Menteri Energi dan Sumber Daya Mineral (ESDM), Bahlil Lahadalia memutuskan agar Indonesia ke depan tak lagi impor minyak untuk BBM dari Singapura.
Menurutnya, lebih baik Indonesia mengimpor langsung minyak dari Timur Tengah sebagai negara penghasil minyak.
Hal itu disampaikan Bahlil dalam acara diskusi bertajuk arah Kebijakan Geostrategi dan Geopolitik Indonesia di Kantor DPP Partai Golkar, Jakarta Barat, Kamis (8/5).
"Enggak boleh lagi kita impor minyak dari Singapura, kita impor aja dari middle east saya bilang, jauh lebih bermartabat kita dapat minyak dari middle east karena dia adalah negara penghasil minyak daripada kita impor minyak dari negara yang nggak pernah melahirkan minyak," jelas Bahlil.
Singapura Bukan Penghasil Minyak
Bahlil menyebut, Indonesia mengimpor BBM sebanyak 54 persen dari Singapura. Padahal, Singapura bukanlah negara penghasil minyak.

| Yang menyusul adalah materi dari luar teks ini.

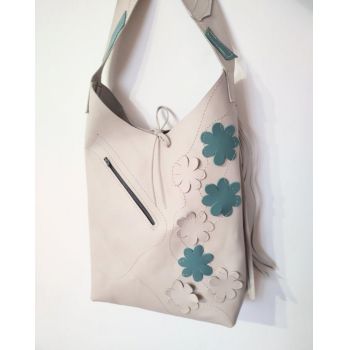 Geanta sac ,din piele naturala gri deschis ,cu margarete ,unicat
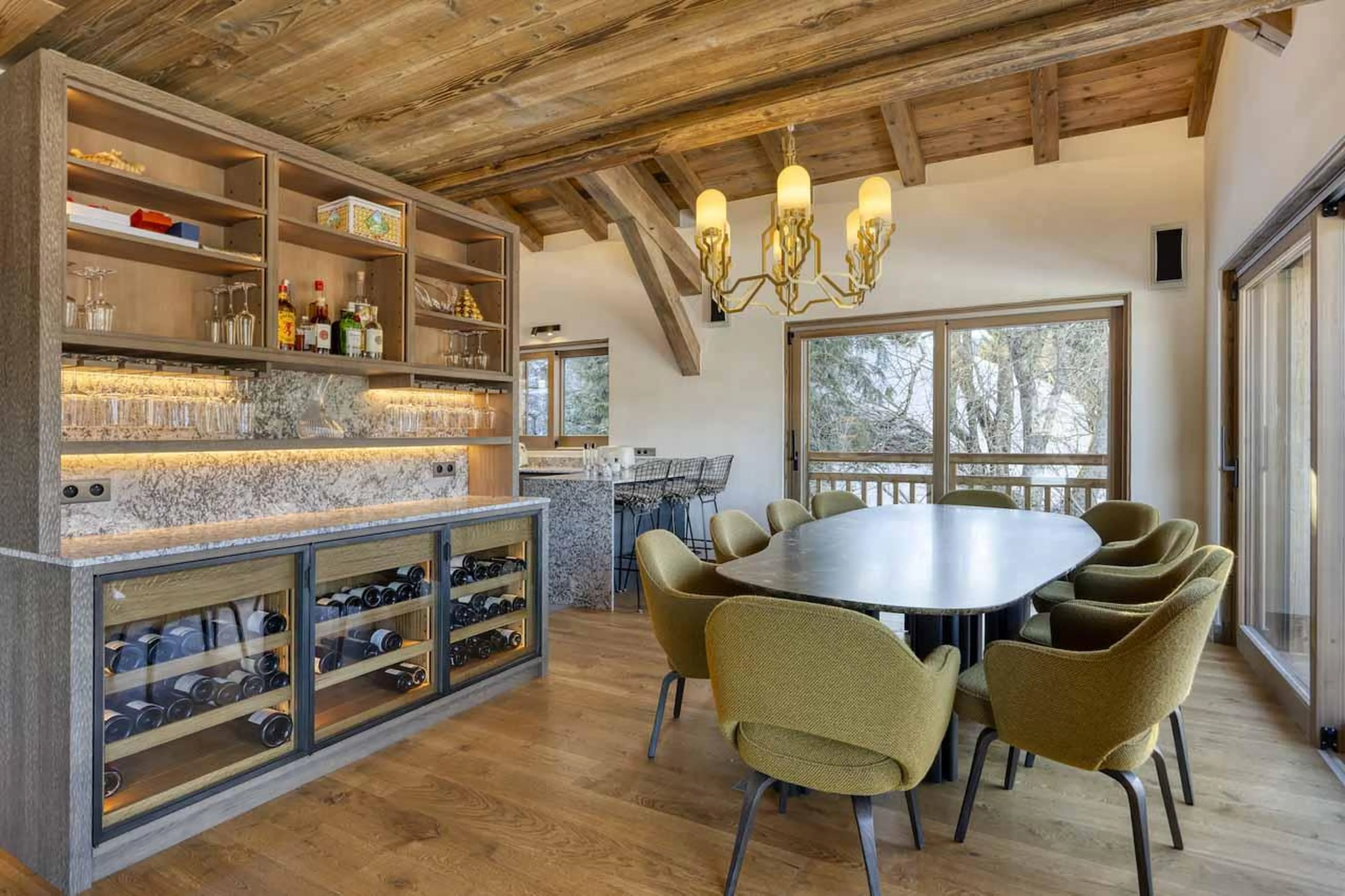 Dining table and bar in Chalet Aspen, Megeve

"Minyak kita, BBM kita, kita impor dari mana, 54 persen impor BBM itu dari Singapura, negara yang nggak punya minyak, tapi kita beli dari sana. Jadi total produksinya 34 persen, itu marketnya dari Indonesia," kata Bahlil dalam paparannya.
Padahal, kata Bahlil, harga minyak di Timur Tengah sama dengan Singapura. Bahlil menilai hal ini memalukan lantaran RI tak beli langsung dari Timur Tengah.
"Harganya sama dengan middle east (Timur Tengah), saya katakan ini kan sebuah strategi yang memalukan," pungkasnya.